Primeira prova experimental da fase hexática

Diferentemente dos materiais em três dimensões, que passam de sólido para líquido de forma rápida quando atingem a temperatura de fusão, filmes com apenas algumas camadas atómicas podem exibir um estágio adicional. Prevista teoricamente na década de 1970, essa fase, chamada hexática, havia sido descrita apenas em modelos computacionais e medições indiretas. No novo estudo, os investigadores filmaram a transição em tempo real e confirmaram que o cristal 2D assume, de facto, características simultâneas de sólido e líquido.

Durante o estado hexático, as distâncias entre as partículas tornam-se irregulares, semelhantes ao arranjo observado em líquidos, enquanto os ângulos de ligação permanecem relativamente ordenados, como num sólido. Esse comportamento híbrido foi detetado numa estreita janela de temperatura, cerca de 25 °C abaixo do ponto de fusão do AgI, enquanto o material permanecia comprimido entre as folhas de grafeno.
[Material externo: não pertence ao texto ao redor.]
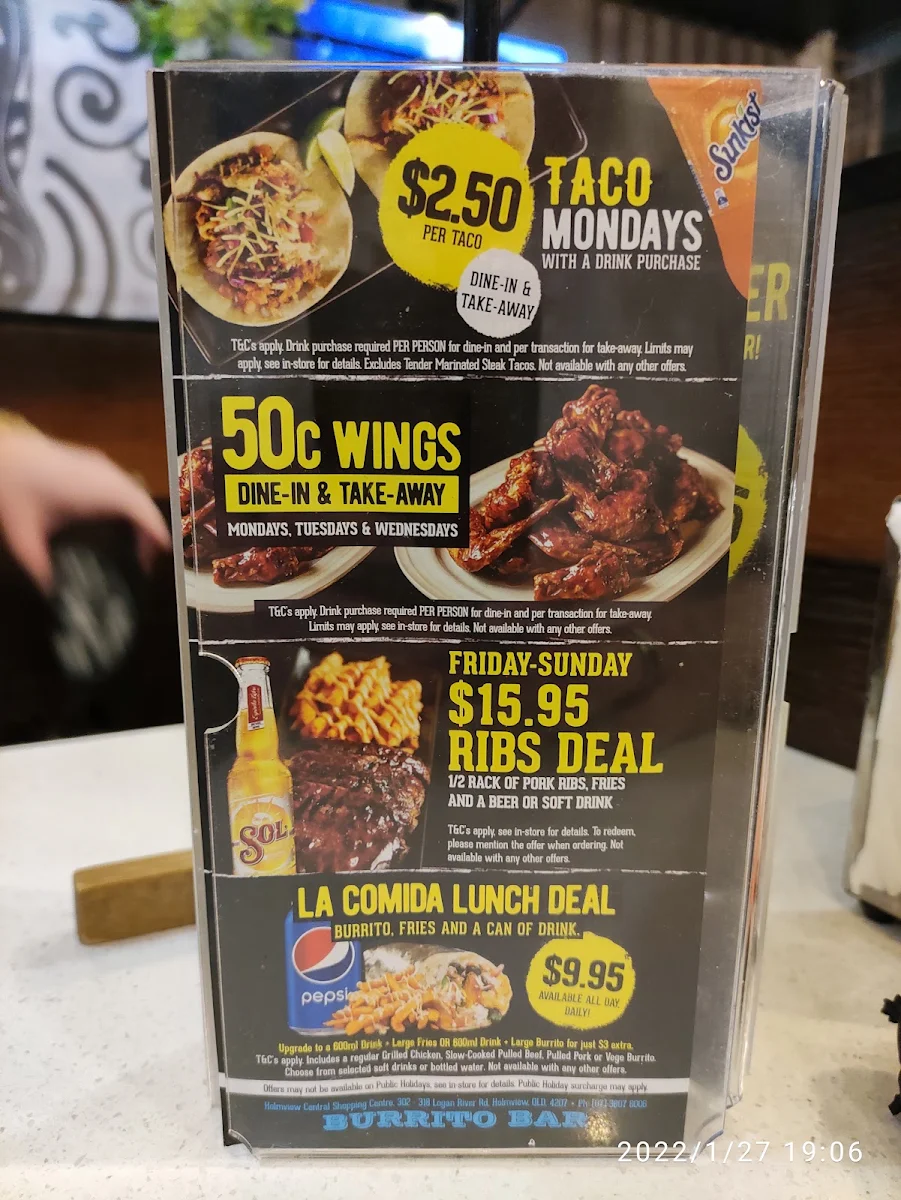 Menu, Burrito Bar Holmview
Metodologia com microscopia eletrónica e inteligência artificial

A observação foi possível graças a um microscópio eletrónico de última geração capaz de diferenciar posições atómicas no material submetido a aquecimento gradual. Para interpretar milhares de fotogramas obtidos durante o processo, a equipa recorreu a algoritmos de aprendizagem automática que identificaram variações estruturais quadro a quadro. O confinamento entre camadas de grafeno, além de proteger o cristal de contaminações, criou um ambiente estável que permitiu filmar o processo de fusão sem danificar a amostra.
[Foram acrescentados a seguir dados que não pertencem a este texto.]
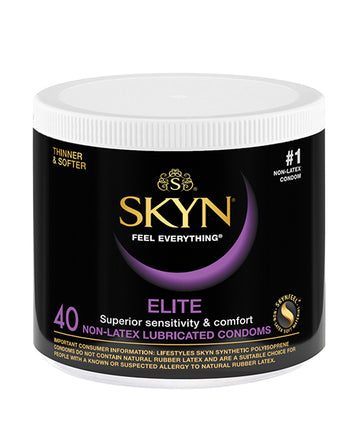 Lifestyles SKYN 813356000064 Elite Ultra Thin Condoms, Polyisoprene, 40 Count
O método registou duas transições distintas. A passagem do estado sólido para o hexático ocorreu de forma contínua, conforme previam alguns modelos. Já a mudança do hexático para o líquido revelou-se abrupta, comportamento mais próximo do derretimento convencional observado no gelo ou em metais maciços. O resultado contraria a expectativa teórica de que ambas as transições seriam graduais em sistemas 2D.

Desafios para a teoria e novas aplicações

Os dados sugerem que o derretimento em cristais covalentes bidimensionais envolve mecanismos mais complexos do que os propostos até agora. Segundo o coautor David Lamprecht, a descoberta fornece parâmetros experimentais que poderão refinar modelos de transição de fase em materiais de poucas camadas atómicas. Futuras investigações deverão testar outros compostos para verificar se o padrão assimétrico se repete ou se depende da química específica do AgI.

Investigadores filmam fase híbrida entre sólido e líquido em cristal 2D - Tecnologia & Inovação

Imagem: Tecnologia & Inovação

Compreender as fases intermédias em materiais 2D é relevante para o desenvolvimento de dispositivos eletrónicos, sensores e revestimentos que operam em escala nanométrica. Alterações na ordem atómica influenciam propriedades elétricas, ópticas e mecânicas, podendo abrir caminho a componentes com desempenho ajustável por temperatura ou pressão.

A equipa prevê expandir o estudo a semicondutores e isoladores bidimensionais, usando a mesma combinação de confinamento em grafeno e análise suportada por inteligência artificial. A comparação entre diferentes composições deverá indicar se a fase hexática é universal ou se depende de ligações químicas específicas.

Os resultados oferecem, assim, a primeira evidência direta de um estado da matéria há muito previsto, revelando que a fusão de materiais ultrafinos não segue as mesmas regras aplicáveis a estruturas tridimensionais. O trabalho introduz novos desafios para a física do estado sólido e reforça o potencial dos cristais 2D em aplicações tecnológicas emergentes.